1. Field of the Invention
This invention relates to an analytical method to provide an optimum design for a monolith washcoat and to the resulting optimum pore structure of a washcoat for a monolith catalyst.
2. Description of the Previously Published Art
Oxidation and three-way emission control catalysts are well known in the prior art and among these are catalysts with specified physical characteristics. Ziezenlair et al in U.S. Pat. No. 3,907,512 disclose a pellet type oxidation catalyst having a pore volume greater than about 1.0 cm.sup.3 /g; a surface area greater than about 275 m.sup.2 /g and a macropore diameter of from 0 to 10,000 Angstrom units. Hegedus et al in U.S. Pat. No. 4,119,571 also disclose a pellet type oxidation catalyst which has a surface area of from 100 to 250 m.sup.2 /g; a pore structure characterized by a macropore volume of at least 0.020 cm.sup.3 /g and a macropore radius of greater than about 10,000 Angstrom units. Neither of these two pellet type catalyst inventions extend such pore structure characterizations to washcoats for monolith type emission control catalysts.

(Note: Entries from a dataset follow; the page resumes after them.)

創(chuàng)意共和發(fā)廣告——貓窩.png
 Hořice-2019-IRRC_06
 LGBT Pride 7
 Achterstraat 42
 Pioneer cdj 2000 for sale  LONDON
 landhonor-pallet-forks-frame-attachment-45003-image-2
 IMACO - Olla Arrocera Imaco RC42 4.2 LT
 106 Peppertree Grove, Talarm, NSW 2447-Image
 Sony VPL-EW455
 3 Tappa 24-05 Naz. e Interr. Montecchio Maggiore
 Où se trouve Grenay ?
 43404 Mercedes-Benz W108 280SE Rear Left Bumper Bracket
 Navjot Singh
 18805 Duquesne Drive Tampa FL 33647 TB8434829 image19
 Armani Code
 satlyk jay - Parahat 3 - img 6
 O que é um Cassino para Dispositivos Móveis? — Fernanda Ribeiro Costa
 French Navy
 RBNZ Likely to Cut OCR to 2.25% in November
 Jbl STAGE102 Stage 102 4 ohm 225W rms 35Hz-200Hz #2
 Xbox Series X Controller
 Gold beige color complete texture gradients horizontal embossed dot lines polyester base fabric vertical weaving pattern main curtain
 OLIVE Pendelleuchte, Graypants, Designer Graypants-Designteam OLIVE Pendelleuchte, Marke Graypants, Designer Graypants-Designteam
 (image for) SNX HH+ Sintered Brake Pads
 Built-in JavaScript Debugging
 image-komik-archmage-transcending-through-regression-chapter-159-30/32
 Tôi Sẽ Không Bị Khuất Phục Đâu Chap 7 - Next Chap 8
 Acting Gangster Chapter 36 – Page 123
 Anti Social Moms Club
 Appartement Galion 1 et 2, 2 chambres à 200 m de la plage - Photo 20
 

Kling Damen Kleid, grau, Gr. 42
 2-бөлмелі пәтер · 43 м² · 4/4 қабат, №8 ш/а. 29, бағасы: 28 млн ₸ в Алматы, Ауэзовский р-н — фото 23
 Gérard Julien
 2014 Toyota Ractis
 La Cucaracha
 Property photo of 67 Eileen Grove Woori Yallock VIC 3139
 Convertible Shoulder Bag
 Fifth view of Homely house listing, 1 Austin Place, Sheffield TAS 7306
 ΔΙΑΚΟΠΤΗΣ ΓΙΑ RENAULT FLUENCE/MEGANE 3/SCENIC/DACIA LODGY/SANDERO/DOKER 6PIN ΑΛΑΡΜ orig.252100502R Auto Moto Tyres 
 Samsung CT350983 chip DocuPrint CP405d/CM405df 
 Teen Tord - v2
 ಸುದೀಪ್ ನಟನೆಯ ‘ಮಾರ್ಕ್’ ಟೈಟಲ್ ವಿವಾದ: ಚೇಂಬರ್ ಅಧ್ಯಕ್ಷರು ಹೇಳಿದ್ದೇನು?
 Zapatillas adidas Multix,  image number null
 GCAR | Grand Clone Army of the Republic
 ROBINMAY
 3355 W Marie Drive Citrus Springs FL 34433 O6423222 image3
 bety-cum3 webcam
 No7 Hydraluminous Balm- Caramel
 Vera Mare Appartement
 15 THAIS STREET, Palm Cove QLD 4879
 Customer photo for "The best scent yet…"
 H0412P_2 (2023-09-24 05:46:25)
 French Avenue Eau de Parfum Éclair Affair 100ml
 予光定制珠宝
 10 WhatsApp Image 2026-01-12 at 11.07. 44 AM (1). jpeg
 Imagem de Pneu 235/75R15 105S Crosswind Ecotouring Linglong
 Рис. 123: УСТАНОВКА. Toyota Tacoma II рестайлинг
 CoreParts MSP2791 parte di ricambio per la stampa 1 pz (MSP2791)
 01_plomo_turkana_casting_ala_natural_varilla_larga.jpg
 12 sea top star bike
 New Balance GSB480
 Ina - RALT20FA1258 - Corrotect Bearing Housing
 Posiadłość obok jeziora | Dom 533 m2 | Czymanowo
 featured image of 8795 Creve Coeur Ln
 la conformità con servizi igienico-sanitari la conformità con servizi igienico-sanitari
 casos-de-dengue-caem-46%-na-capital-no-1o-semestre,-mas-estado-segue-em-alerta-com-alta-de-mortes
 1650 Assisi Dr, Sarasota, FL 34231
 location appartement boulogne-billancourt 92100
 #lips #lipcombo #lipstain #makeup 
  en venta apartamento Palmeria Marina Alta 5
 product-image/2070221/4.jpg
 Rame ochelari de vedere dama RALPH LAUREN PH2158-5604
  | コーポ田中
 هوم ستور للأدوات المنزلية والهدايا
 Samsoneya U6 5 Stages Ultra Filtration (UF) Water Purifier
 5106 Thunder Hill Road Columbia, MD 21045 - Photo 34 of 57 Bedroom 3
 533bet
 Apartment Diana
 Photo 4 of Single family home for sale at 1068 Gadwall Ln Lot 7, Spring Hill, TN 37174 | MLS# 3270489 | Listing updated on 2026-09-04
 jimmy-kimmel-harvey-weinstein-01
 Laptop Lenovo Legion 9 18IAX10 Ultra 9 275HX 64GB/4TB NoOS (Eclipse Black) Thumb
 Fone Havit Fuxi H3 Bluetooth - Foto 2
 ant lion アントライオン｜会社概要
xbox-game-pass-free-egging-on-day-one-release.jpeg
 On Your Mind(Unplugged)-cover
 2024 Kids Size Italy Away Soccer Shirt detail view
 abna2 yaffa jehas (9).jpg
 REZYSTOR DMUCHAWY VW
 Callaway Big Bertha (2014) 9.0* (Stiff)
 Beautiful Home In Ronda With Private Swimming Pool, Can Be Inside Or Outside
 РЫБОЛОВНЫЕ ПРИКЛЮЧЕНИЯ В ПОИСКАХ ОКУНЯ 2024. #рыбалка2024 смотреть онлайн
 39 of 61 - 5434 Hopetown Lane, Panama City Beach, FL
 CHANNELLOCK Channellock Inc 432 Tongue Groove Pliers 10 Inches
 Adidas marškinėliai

Dupin in U.S. Pat. No. 4,529,718 discloses a washcoat with both macroporosity and microporosity. The washcoat surface area is from 20 to 350 m.sup.2 /g with a macropore volume of at least 0.050 cm.sup.3 /g and a macropore radius greater than about 10,000 Angstrom units. Turner et al in EP No. 119,715 disclose a method for increasing the macroporosity of a washcoat by blending two refractory oxide supports with differing surface areas and pore size distributions. Oh et al in Ind. Eng. Chem. Prod. Res. Dev., 22 p. 509-518 (1983) provide a model for design aspects of poison-resistant automobile monolithic catalysts. Neither the Dupin or Turner inventions nor the Oh et al article, however, provide any algorithm for optimizing the washcoat's pore structure to maximize poison resistance of the catalyst or specify a required washcoat thickness to ensure sufficient catalytic performance over the required lifetime of the catalyst.
3. Objects of the Invention
It is an object of this invention to provide an analytical method for the optimum design of a washcoat to be placed on a monolith to form a catalyst.
It is a further object of this invention to produce a washcoat for a monolith catalyst which has an optimum pore structure for automotive exhaust control.
It is a further object of this invention to optimize the pore structure of a washcoat to maximize the poison resistance of the catalyst.
It is a further object of this invention to provide the necessary washcoat thickness for a monolith catalyst to ensure sufficient catalytic performance over the required lifetime of the catalyst.
These and further objects will become apparent as the description of the invention proceeds.